My attorneys are hereby authorized to act on my behalf regarding all insurance and legal matters. The patient identifiable health information received pursuant to this release authorization is to be used for the following purpose:
No-fault (PIP, Med Pay) insurance claims, liability claims, underinsured motorist claims, workers’ compensation claims, and all other insurance or legal matters related to my injuries or health condition.
ABILITY TO RECEIVE TREATMENT: I understand that my ability to receive treatment from this provider does not depend on my signing this form. Pursuant to 45 CFR 164.508(c)(2).
RIGHT TO REFUSE: I understand that I have a right to refuse to sign this release authorization and do so under my own free will.
RIGHT OF REVOCATION: I have the right to revoke this release authorization at any time. The revocation must be in writing and delivered to Max Sparwasser Law Firm, LLC. The revocation will not apply to records and information that has already been provided.

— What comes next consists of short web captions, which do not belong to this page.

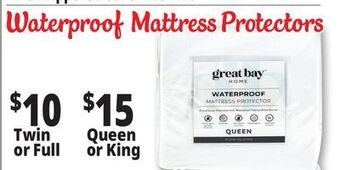 Ocean State Job Lot Waterproof mattress protectors offer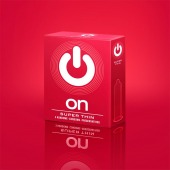 Супертонкие презервативы ON) Super Thin - 3 шт. - ON) - купить с доставкой в Сочи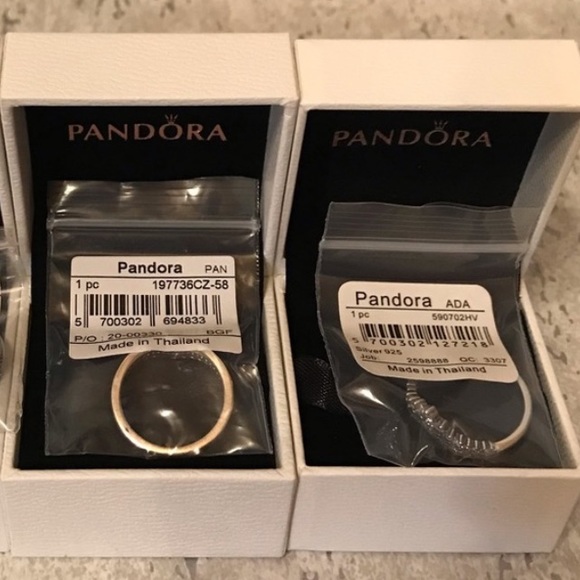 PANDORA Silver Princess Wishbone Ring - Picture 3 of 7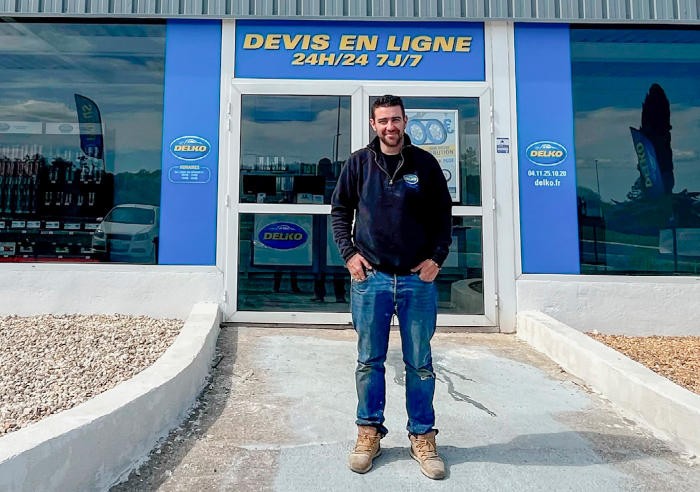 Un franchisé Delko ouvre un nouveau garage à Quissac, dans le Gard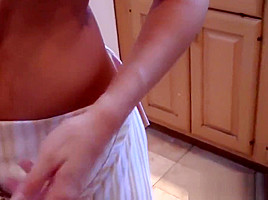 Hardcore 18yo besties cooking before big dick foursome
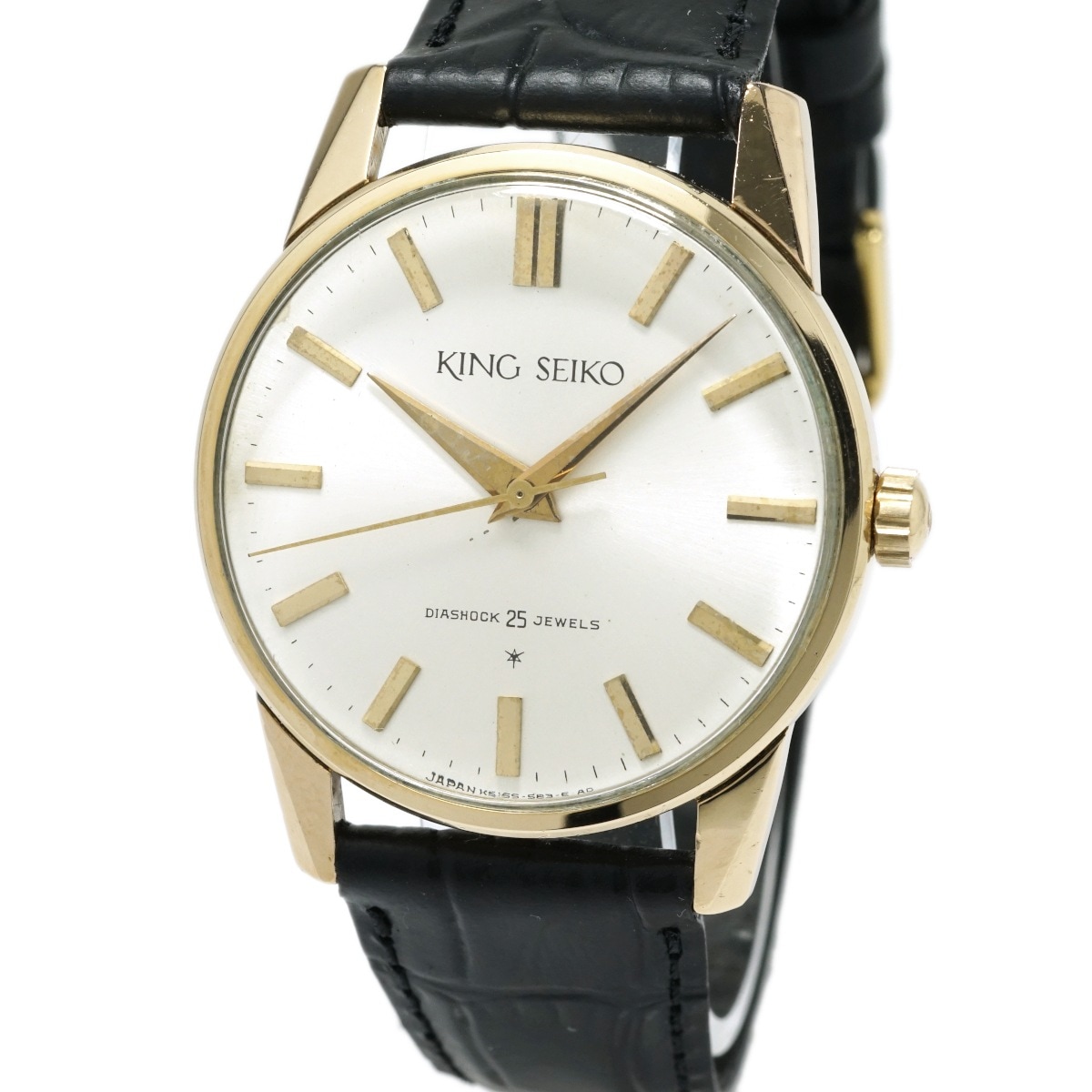 キングセイコー 1st 15034 AD文字盤 14金張り 25石 純正リューズ 手巻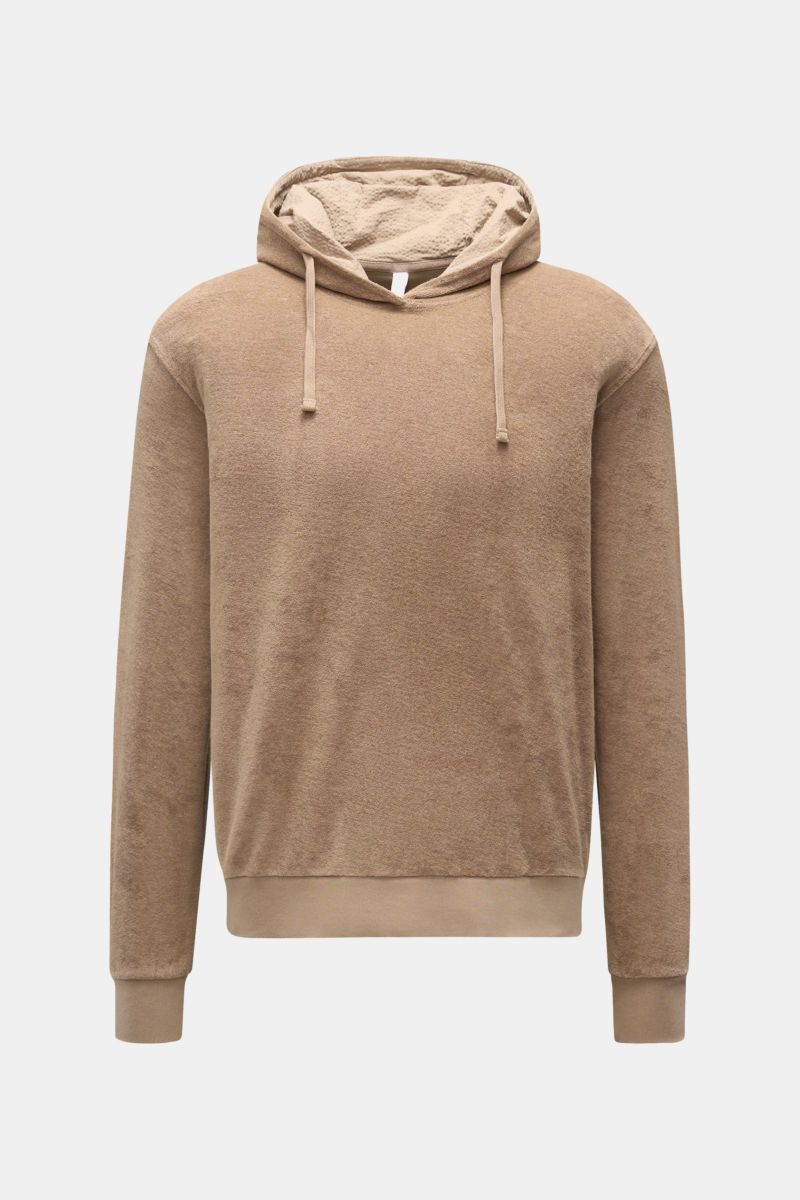 04651/ A trip in a bag Frottee-Kapuzenpullover 'Terry Hoodie' taupe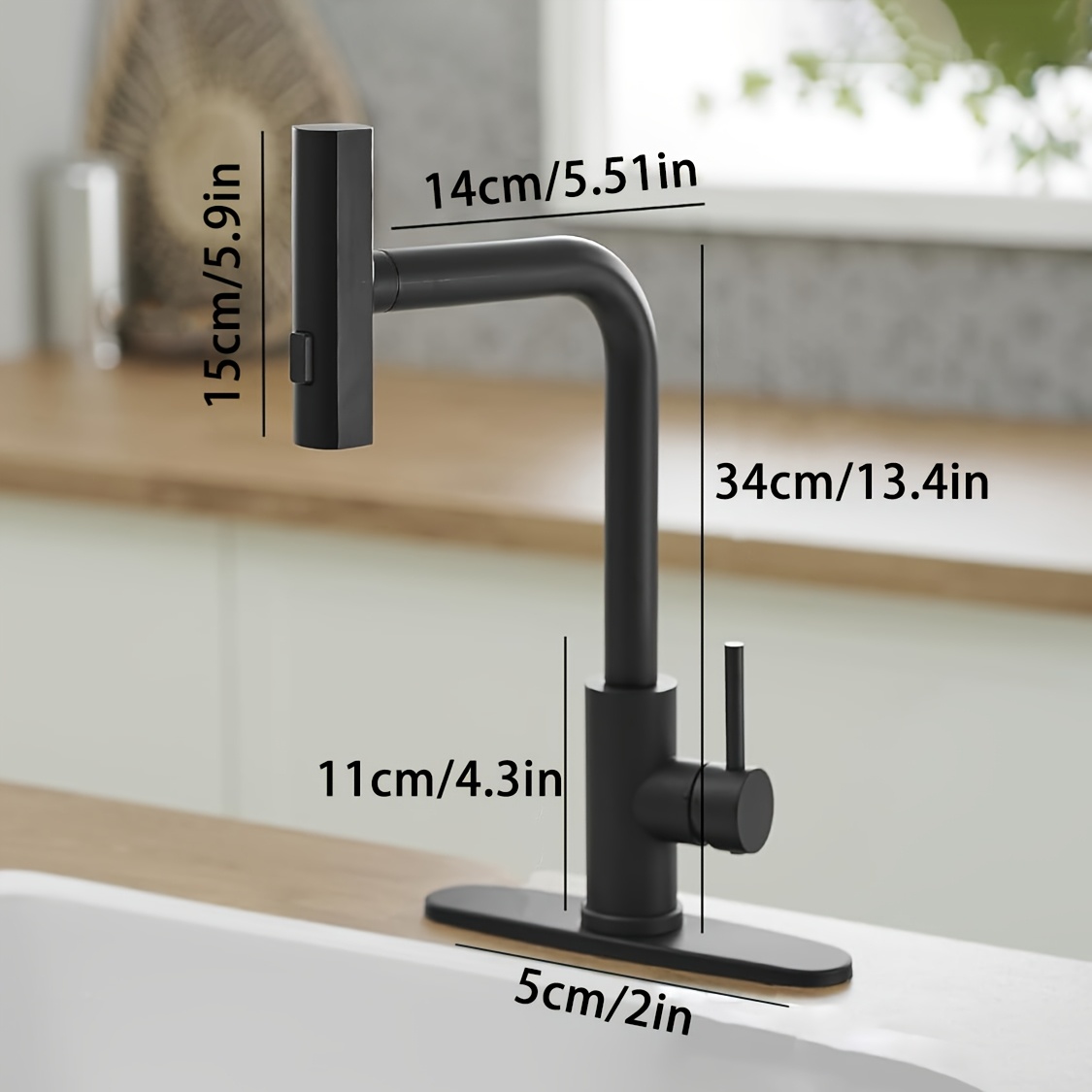 1 PC Black Kitchen Faucet With - огляд і ціна Commercial Kitchen Faucet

EXPIRATION: Unless earlier revoked, this authorization will expire upon the termination of the representation by Max Sparwasser Law Firm, LLC.
PATIENT RIGHTS: I have the right to inspect and/or copy the information to be disclosed, to inspect and amend my medical records, and to an accounting of the use and disclosure of my health information to any third party, as provided in CFR 164.528.
RE-DISCLOSURE: I understand that there is a potential for unauthorized re-disclosure of the information and that the re-disclosed information may not be protected by federal confidentiality rules.
SENSITIVE INFORMATION: I acknowledge and hereby consent to such, that the release information may contain alcohol, drug abuse, genetic information, psychiatric, HIV testing, HIV results or AIDS information.